DATA FOR THE TASK:
#####
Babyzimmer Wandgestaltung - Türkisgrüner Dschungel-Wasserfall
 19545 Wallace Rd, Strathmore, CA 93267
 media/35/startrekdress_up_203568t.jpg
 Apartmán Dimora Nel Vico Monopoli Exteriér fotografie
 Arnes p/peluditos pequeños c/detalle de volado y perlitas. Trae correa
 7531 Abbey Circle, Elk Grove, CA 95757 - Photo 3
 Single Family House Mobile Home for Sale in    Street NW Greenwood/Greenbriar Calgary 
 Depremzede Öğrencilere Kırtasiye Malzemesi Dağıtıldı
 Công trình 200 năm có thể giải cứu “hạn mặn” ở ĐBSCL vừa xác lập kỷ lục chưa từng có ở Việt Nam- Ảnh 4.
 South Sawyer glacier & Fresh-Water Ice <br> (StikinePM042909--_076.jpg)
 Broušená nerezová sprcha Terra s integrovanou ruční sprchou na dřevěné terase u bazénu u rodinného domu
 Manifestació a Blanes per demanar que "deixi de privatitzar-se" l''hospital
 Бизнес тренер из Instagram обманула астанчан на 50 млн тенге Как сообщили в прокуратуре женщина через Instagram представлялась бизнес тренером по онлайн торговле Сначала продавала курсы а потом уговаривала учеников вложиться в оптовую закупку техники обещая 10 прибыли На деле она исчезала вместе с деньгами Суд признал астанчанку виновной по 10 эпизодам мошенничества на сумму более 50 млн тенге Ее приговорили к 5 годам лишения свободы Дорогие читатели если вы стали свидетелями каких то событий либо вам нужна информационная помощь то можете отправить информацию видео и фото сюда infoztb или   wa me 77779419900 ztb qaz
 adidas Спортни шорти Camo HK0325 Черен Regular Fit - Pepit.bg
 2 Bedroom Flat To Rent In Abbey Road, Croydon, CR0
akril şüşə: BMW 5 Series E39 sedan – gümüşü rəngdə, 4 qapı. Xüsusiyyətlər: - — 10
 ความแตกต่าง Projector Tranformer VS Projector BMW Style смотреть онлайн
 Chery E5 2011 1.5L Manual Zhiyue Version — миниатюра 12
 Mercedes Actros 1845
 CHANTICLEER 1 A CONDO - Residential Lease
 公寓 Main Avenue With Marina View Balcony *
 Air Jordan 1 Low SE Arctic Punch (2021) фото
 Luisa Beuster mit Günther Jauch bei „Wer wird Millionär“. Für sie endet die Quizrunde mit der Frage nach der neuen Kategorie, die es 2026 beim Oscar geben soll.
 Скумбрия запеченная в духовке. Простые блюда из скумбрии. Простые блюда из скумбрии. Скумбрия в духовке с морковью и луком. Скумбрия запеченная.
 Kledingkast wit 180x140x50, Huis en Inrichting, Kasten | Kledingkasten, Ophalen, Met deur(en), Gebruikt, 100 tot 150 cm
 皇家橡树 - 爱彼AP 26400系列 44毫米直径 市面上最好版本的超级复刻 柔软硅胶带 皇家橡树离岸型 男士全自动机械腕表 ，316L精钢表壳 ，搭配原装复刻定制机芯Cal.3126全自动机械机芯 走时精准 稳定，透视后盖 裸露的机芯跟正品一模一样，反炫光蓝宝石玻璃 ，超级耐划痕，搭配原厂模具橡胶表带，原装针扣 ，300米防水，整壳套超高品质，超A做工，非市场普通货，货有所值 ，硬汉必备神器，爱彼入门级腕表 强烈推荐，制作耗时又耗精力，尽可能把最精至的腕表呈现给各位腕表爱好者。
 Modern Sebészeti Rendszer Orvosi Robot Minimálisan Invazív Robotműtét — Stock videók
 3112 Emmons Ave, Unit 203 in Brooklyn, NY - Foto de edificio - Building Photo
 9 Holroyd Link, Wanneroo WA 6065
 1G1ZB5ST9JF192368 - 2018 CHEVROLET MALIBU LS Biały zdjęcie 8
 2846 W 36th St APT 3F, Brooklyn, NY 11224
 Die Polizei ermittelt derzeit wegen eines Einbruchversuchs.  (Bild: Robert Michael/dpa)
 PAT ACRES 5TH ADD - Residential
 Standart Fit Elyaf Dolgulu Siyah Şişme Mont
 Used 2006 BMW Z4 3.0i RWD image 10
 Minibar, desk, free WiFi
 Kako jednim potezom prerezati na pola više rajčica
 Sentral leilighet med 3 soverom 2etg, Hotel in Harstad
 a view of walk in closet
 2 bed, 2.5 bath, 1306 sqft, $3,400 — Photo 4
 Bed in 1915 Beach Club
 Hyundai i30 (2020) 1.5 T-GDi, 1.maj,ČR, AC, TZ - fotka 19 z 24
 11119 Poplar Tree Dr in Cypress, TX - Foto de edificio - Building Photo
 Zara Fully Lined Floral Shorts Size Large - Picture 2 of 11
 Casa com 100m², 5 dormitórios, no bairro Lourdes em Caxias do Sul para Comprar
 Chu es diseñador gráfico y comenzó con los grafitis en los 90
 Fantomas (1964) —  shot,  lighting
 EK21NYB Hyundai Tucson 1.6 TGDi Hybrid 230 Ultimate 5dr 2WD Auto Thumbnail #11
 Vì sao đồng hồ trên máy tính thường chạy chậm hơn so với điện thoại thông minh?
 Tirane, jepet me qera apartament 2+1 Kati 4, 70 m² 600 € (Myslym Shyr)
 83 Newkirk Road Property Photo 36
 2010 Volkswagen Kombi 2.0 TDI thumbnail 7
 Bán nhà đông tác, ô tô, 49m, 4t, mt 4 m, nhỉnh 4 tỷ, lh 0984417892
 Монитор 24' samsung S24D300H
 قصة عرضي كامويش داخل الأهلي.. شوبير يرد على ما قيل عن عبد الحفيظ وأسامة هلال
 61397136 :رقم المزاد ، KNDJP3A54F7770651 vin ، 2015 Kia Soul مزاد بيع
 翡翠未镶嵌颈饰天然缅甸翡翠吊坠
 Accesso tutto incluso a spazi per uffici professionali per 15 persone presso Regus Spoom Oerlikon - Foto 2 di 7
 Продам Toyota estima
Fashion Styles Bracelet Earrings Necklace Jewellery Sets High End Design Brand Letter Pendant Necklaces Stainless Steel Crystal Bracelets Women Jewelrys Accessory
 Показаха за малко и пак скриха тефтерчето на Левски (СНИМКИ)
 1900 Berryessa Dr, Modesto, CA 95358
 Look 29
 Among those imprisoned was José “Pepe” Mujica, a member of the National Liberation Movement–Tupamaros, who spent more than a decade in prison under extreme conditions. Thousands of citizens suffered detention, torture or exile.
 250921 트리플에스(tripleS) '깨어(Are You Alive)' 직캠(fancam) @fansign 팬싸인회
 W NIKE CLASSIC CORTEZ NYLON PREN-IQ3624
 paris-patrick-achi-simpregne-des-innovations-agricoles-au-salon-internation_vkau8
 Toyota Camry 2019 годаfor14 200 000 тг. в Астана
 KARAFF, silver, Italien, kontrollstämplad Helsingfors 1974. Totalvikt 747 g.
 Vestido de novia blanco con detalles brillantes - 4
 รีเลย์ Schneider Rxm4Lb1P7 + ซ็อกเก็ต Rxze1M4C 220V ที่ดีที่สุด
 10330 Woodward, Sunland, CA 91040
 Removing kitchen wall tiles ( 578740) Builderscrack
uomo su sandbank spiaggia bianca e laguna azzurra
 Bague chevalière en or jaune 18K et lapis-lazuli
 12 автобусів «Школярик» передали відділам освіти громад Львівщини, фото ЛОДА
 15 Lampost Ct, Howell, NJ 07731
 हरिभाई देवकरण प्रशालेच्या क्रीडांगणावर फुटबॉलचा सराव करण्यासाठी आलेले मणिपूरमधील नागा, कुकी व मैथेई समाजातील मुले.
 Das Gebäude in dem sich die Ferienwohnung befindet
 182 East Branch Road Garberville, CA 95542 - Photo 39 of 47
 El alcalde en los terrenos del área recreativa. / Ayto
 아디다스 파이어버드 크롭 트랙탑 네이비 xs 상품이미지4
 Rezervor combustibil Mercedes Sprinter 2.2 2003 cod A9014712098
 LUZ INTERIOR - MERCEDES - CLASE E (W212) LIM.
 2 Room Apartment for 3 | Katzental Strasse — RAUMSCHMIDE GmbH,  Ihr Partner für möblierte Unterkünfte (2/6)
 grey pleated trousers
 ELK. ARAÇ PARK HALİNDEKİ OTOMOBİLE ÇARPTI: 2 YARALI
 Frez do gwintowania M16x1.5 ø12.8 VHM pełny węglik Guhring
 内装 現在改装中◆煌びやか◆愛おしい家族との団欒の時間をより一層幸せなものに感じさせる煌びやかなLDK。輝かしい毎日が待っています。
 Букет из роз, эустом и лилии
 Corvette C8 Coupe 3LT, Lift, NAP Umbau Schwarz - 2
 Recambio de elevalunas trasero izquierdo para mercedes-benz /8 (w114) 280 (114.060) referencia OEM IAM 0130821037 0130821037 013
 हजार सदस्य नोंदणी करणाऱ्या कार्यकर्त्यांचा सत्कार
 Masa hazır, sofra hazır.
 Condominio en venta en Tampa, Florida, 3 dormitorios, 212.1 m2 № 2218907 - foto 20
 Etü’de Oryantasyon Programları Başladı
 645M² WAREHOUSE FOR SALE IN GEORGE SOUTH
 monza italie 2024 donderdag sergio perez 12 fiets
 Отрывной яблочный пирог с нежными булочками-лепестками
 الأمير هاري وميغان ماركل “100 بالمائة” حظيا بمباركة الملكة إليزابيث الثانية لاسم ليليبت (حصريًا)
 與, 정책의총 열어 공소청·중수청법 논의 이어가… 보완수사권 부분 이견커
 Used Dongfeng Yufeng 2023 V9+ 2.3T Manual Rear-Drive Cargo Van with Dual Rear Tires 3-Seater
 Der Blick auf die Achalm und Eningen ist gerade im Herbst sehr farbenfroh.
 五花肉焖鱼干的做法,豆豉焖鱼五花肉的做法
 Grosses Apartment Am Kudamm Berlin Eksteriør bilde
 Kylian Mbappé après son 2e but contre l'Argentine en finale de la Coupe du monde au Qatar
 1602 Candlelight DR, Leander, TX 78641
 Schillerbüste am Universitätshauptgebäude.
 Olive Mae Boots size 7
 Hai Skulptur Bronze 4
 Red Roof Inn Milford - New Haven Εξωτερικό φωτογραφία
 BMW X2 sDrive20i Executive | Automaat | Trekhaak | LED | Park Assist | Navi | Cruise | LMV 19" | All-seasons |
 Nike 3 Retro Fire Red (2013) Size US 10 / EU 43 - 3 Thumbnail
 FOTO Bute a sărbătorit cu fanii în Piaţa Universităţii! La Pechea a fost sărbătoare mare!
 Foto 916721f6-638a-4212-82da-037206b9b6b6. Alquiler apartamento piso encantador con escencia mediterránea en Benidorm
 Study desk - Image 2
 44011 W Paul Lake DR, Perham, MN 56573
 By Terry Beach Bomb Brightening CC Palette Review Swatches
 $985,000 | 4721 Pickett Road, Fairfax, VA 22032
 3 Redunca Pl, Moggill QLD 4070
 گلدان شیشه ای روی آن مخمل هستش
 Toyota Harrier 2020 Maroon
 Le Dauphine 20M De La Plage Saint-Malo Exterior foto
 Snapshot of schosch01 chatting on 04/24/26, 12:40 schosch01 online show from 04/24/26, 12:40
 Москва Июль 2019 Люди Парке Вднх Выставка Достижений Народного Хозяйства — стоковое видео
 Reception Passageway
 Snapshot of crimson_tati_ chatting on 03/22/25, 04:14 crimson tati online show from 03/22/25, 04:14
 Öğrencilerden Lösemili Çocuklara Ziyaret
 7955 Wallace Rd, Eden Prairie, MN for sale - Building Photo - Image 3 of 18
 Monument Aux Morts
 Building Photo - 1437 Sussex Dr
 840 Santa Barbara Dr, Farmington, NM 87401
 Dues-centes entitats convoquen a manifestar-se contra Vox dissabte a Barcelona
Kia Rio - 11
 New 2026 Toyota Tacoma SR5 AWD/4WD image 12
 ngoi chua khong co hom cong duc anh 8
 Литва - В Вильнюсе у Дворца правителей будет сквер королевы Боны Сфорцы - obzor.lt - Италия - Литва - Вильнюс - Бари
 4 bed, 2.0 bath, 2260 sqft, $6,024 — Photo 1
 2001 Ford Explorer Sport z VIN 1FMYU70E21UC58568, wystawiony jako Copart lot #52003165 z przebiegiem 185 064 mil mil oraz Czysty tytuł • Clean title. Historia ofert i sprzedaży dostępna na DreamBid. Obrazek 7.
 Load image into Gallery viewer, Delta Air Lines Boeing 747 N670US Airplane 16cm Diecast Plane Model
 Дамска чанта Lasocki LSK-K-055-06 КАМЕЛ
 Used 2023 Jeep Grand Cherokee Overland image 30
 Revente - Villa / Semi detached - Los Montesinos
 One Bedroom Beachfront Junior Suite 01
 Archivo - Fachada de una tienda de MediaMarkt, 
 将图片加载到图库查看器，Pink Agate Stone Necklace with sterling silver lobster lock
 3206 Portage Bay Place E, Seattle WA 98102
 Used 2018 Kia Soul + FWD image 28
#####
YOUR INSTRUCTIONS: Quote every line of the records above, from the first down to the one holding "ความแตกต่าง Projector Tranformer", exactly as written.

SOLUTION BELOW:
Babyzimmer Wandgestaltung - Türkisgrüner Dschungel-Wasserfall
 19545 Wallace Rd, Strathmore, CA 93267
 media/35/startrekdress_up_203568t.jpg
 Apartmán Dimora Nel Vico Monopoli Exteriér fotografie
 Arnes p/peluditos pequeños c/detalle de volado y perlitas. Trae correa
 7531 Abbey Circle, Elk Grove, CA 95757 - Photo 3
 Single Family House Mobile Home for Sale in    Street NW Greenwood/Greenbriar Calgary 
 Depremzede Öğrencilere Kırtasiye Malzemesi Dağıtıldı
 Công trình 200 năm có thể giải cứu “hạn mặn” ở ĐBSCL vừa xác lập kỷ lục chưa từng có ở Việt Nam- Ảnh 4.
 South Sawyer glacier & Fresh-Water Ice <br> (StikinePM042909--_076.jpg)
 Broušená nerezová sprcha Terra s integrovanou ruční sprchou na dřevěné terase u bazénu u rodinného domu
 Manifestació a Blanes per demanar que "deixi de privatitzar-se" l''hospital
 Бизнес тренер из Instagram обманула астанчан на 50 млн тенге Как сообщили в прокуратуре женщина через Instagram представлялась бизнес тренером по онлайн торговле Сначала продавала курсы а потом уговаривала учеников вложиться в оптовую закупку техники обещая 10 прибыли На деле она исчезала вместе с деньгами Суд признал астанчанку виновной по 10 эпизодам мошенничества на сумму более 50 млн тенге Ее приговорили к 5 годам лишения свободы Дорогие читатели если вы стали свидетелями каких то событий либо вам нужна информационная помощь то можете отправить информацию видео и фото сюда infoztb или   wa me 77779419900 ztb qaz
 adidas Спортни шорти Camo HK0325 Черен Regular Fit - Pepit.bg
 2 Bedroom Flat To Rent In Abbey Road, Croydon, CR0
akril şüşə: BMW 5 Series E39 sedan – gümüşü rəngdə, 4 qapı. Xüsusiyyətlər: - — 10
 ความแตกต่าง Projector Tranformer VS Projector BMW Style смотреть онлайн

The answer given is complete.